Short text fragments from websites:
--*--

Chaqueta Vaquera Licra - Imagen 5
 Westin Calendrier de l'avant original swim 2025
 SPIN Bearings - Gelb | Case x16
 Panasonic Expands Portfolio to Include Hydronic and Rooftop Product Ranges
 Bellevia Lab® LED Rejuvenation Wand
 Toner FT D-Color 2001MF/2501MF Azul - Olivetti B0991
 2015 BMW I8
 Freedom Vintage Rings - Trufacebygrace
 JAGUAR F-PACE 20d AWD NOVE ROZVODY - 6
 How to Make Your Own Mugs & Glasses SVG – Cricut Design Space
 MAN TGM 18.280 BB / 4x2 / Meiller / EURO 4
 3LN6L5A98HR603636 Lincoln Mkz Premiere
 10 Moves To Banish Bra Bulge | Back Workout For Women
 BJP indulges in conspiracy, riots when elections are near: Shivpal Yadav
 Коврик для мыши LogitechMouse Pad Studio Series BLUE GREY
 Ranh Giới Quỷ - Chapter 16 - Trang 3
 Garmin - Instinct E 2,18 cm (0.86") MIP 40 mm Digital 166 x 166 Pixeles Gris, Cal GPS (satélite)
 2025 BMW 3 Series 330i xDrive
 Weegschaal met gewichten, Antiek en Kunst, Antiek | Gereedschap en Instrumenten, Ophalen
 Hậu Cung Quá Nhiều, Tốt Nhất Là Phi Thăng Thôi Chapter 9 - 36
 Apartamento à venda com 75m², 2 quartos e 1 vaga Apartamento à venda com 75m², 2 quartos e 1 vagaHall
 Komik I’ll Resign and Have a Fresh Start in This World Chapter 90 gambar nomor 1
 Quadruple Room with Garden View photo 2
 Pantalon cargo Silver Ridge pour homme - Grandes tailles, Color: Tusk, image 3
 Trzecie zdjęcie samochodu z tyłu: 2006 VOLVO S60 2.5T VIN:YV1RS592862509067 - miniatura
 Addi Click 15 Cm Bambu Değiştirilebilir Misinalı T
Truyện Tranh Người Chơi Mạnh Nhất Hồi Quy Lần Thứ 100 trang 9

--*--

Each line from the one that contains "Addi Click 15" through the end of the records must be repeated exactly. No other line belongs in the answer.

 Addi Click 15 Cm Bambu Değiştirilebilir Misinalı T
Truyện Tranh Người Chơi Mạnh Nhất Hồi Quy Lần Thứ 100 trang 9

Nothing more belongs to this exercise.